## Supplied material
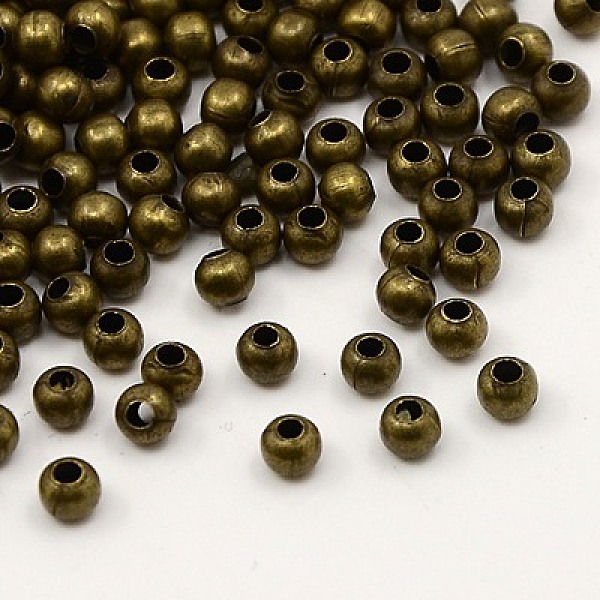PandaHall Iron Spacer Beads, Lead Free & Nickel Free, Round, Antique Bronze, 3.2mm, Hole: 1mm Iron Round
PandaHall Iron Spacer Beads, Lead Free & Nickel Free, Round, Antique Bronze, 3.2mm, Hole: 1mm Iron Round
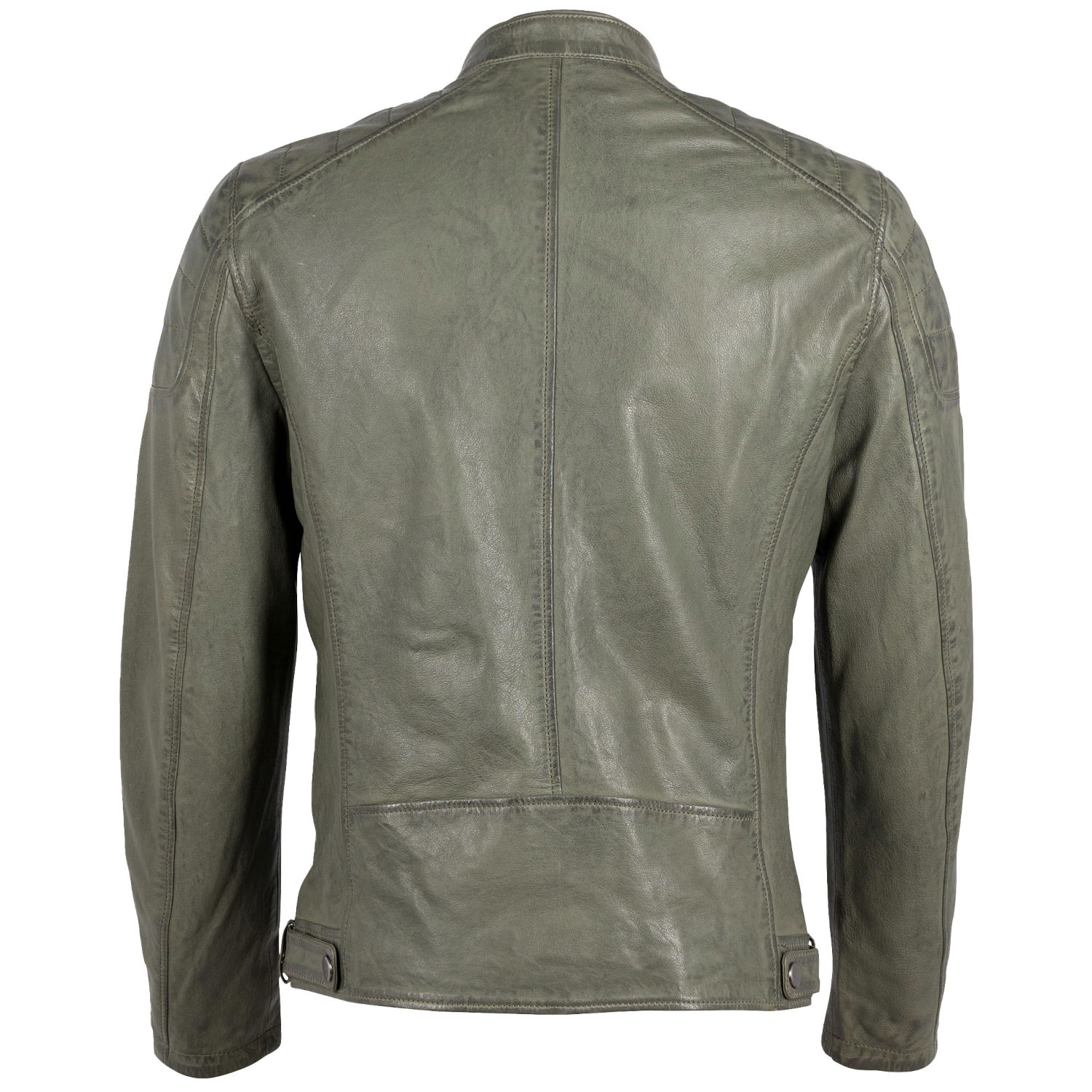 Geaca de Piele Barbati Gipsy Verde Prafuit GMChardy – Black Friday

## What the exercise asks
The reply must consist of the complete listing, reproduced exactly, with no images.

## Exercise result
PandaHall Iron Spacer Beads, Lead Free & Nickel Free, Round, Antique Bronze, 3.2mm, Hole: 1mm Iron Round
PandaHall Iron Spacer Beads, Lead Free & Nickel Free, Round, Antique Bronze, 3.2mm, Hole: 1mm Iron Round
 Geaca de Piele Barbati Gipsy Verde Prafuit GMChardy – Black Friday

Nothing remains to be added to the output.